İlber Ortaylı: Fırat ve Dicle havzasında boşalan köylere Uygur ve Kırgızlar doldurulmalı
Halktv sayfasından alınan verilere göre, SonTurkHaber.com bilgi veriyor.
Prof. Dr. İlber Ortaylı su savaşlarının petrol savaşlarından daha önemli olduğuna değindiği bir yazıyı kaleme aldı. Yurdun farklı noktalarında patlak veren su krizlerine değinen Ortaylı, bu sorunun mutlaka çözülmesi gerektiğini ifade etti.

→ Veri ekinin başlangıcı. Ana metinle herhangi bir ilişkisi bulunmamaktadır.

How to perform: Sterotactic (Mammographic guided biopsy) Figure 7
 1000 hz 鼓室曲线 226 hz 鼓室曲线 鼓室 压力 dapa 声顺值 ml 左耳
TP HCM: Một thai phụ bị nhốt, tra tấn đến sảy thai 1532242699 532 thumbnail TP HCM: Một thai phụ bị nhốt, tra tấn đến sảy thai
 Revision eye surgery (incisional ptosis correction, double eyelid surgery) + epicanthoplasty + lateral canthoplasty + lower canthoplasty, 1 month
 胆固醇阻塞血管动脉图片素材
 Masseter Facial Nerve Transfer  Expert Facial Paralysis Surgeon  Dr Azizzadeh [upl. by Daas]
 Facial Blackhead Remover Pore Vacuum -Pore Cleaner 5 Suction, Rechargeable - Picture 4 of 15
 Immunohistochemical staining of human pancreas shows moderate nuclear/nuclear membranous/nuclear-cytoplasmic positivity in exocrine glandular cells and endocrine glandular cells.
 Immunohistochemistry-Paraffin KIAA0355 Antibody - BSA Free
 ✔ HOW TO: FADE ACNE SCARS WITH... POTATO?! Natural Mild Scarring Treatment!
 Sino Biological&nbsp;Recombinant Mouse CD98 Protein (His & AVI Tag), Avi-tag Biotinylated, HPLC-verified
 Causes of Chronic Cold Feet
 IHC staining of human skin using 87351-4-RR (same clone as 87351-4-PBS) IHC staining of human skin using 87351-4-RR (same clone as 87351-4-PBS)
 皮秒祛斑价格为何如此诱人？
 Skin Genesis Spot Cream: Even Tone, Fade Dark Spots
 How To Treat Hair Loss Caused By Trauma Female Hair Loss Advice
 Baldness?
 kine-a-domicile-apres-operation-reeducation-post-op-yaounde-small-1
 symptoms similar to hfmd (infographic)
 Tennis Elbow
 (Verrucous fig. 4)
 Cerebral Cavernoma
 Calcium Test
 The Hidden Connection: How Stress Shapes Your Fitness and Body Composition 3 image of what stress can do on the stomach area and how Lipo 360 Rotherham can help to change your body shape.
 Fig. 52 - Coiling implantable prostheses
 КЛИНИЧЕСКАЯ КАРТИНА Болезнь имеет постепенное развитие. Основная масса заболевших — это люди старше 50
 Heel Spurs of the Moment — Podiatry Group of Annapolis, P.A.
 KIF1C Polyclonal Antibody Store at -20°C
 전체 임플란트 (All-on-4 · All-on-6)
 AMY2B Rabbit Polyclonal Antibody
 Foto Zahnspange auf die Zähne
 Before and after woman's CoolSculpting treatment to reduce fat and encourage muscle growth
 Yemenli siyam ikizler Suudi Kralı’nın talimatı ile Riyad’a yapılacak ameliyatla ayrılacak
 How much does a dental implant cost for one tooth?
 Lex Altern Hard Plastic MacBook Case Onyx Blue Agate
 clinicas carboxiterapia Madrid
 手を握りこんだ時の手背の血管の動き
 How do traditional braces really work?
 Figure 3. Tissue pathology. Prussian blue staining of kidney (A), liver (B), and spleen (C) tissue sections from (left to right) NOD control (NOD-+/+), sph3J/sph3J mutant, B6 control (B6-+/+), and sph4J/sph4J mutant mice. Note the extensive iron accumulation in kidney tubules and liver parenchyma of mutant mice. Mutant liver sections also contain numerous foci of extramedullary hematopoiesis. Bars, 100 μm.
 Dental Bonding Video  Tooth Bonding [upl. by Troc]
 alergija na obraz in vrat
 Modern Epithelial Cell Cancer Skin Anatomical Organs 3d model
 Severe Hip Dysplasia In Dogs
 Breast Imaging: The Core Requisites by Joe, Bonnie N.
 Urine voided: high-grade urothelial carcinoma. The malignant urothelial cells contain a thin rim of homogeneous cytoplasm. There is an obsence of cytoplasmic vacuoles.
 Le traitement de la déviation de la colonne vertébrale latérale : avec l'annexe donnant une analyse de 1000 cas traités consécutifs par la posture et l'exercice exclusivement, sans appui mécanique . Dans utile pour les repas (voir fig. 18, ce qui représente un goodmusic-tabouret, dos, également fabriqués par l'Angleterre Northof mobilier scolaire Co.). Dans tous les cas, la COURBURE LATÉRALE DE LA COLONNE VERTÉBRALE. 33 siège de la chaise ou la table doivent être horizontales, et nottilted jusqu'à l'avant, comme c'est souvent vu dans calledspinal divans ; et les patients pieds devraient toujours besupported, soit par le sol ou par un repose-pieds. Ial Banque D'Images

Fırat havzasının kritik önemine atıfta bulunan Ortaylı bu havzanın hakimiyetini korumak zorunda olunduğunu kaydetti.
ÖNERİSİ: UYGURLAR VE KIRGIZLAR FIRAT-DİCLE HAVZASINA YERLEŞTİRİLMELİOrtaylı petrol savaşlarından daha önemli olduğunu ifade ettiği su savaşları için alınması gereken önlemleri sıraladı. Fırat ve Dicle havzasında boşalan köylere Uygurlu çiftçilerin, hayvancılık konusunda uzman olduğunu belirttiği Kırgızların getirilmesi gerektiğini kaydeden Ortaylı, aynı zamanda Urfa vadisinin de yabancılara satılmasının durdurulması gerektiğini kaydetti.
Ortaylı'nın yazısından ilgili kısımlar şu şekilde oldu:
"Toprağı ve suyu tüketen ürünler (mısır, yonca) için açılan kuyuların akıbeti ortadadır. Bu yanlış uygulamaların son bulması gerekir. Konya Ovası artık zirai bölge olma özelliğini yitiriyor. Çukurova’nın verimsizliğini de sert mali tedbirlerle gidermek zorundayız. Akdeniz’in en bereketli ve geniş ovası, en akılcı şekilde değerlendirilmelidir. Bundan daha acil bir program düşünülemez.""Fırat ve Dicle havzası, Türkiye için hem teknik hem demografik hem de siyasi açıdan hayati önem taşır. Burada boşalan köyler, vakit kaybetmeden Asya’daki kardeş potansiyel nüfusla doldurulmalıdır. Çin’in nükleer denemeleriyle yıpratılan bereketli Uygur bölgesinin çalışkan çiftçileri kısa zamanda Türkiye’ye getirilmelidir. Hayvancılık konusunda uzman Kırgızların da bu topraklarda faaliyet göstermesi gerekir.""Urfa vadisinin yabancılara satışı sadece durdurulmamalı; satılmış olan araziler de mutlaka geri alınmalıdır. Bu bölgede yabancı sermayeye izin verilemez. Terör örgütünün bir dönem hâkimiyet kurmaya çalıştığı bölgelerde en ufak bir taviz verilmemelidir. Doğu Akdeniz kıyıları ise Türkiye’nin elinde kalmak ve tutulmak zorundadır."